Microsoft CEO Satya Nadella says Bill Gates' original mission 'always bothered me'

nadella ballmer gates
nadella ballmer gates

(Microsoft CEO Satya Nadella and cofounder Bill Gates.Microsoft)

Around 1980, Bill Gates gave Microsoft, the company he founded, a clear mission: "A computer on every desk and in every home."

But Microsoft CEO Satya Nadella, who started at the company as a programmer in 1992 and rose to the top job in 2014, thinks Gates' famous mission had a big flaw.

"When I joined the company in 1992, we used to talk about our mission as putting a PC in every home, and by the end of the decade we have done that, at least in the developed world," Nadella told USA Today in a profile published on Monday. "It always bothered me that we confused an enduring mission with a temporal goal."

In other words, Nadella is saying that Gates' vision for the future of Microsoft had a logical stopping point and did not consider what the company's direction would be once the goal was achieved. In the 2000s, under former CEO Steve Ballmer, Microsoft became better known for its efforts to preserve its control of the PC industry than for innovating.

Nadella believes in making Microsoft more driven by a sense of purpose — in 2015, he said Microsoft's mission was "to empower every person and every organization on the planet to achieve more." And he has encouraged the company not to rest on its laurels.

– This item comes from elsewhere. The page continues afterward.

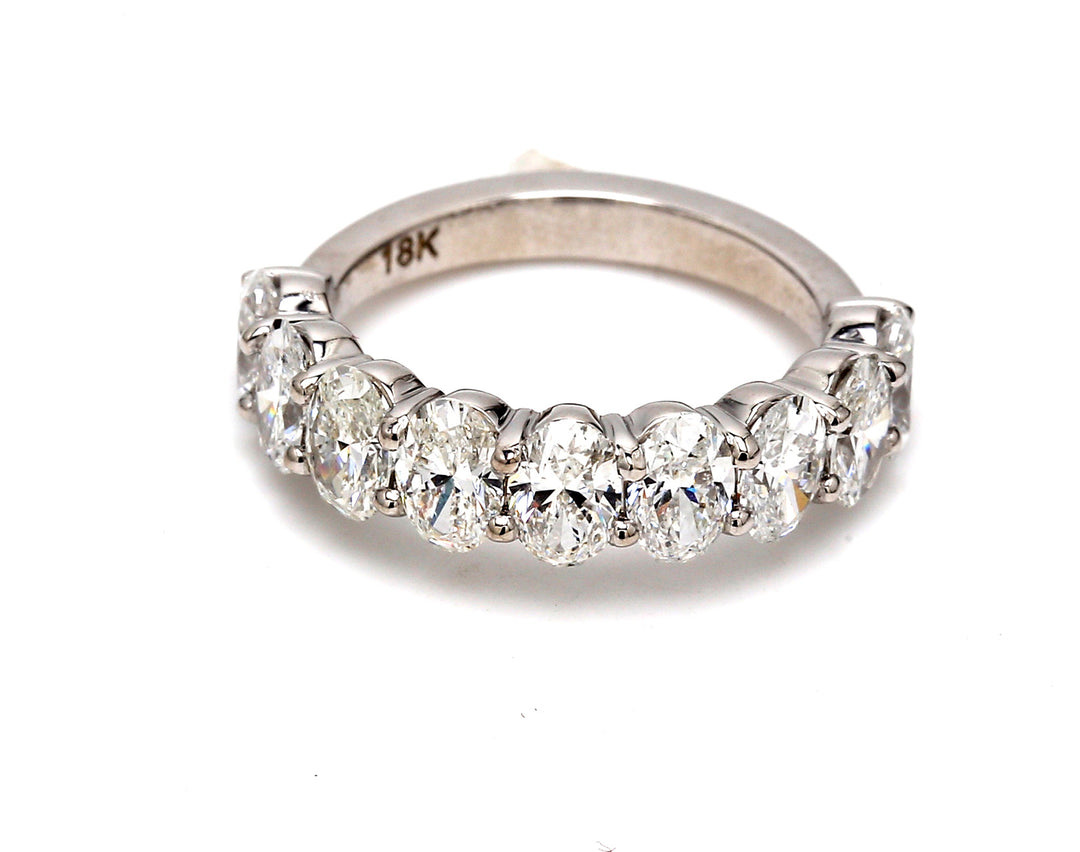 9-stone band in 18K WG with basket prong set oval cut diamonds.  D2.50ct.t.w.  Size 5.5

Under Nadella, Microsoft has taken the focus off Windows and the PC and pinned its hopes to the rise of its Azure and Office 365 cloud-computing products, both of which are growing as the company's older businesses stagnate. While this approach hasn't translated to huge revenue growth, it has revitalized the company's image.

Gates told USA Today that he enjoys working with Nadella, serving his twice-removed successor as a special adviser and helping guide the company's investments in cutting-edge technology as it competes with Apple, Google, and Amazon.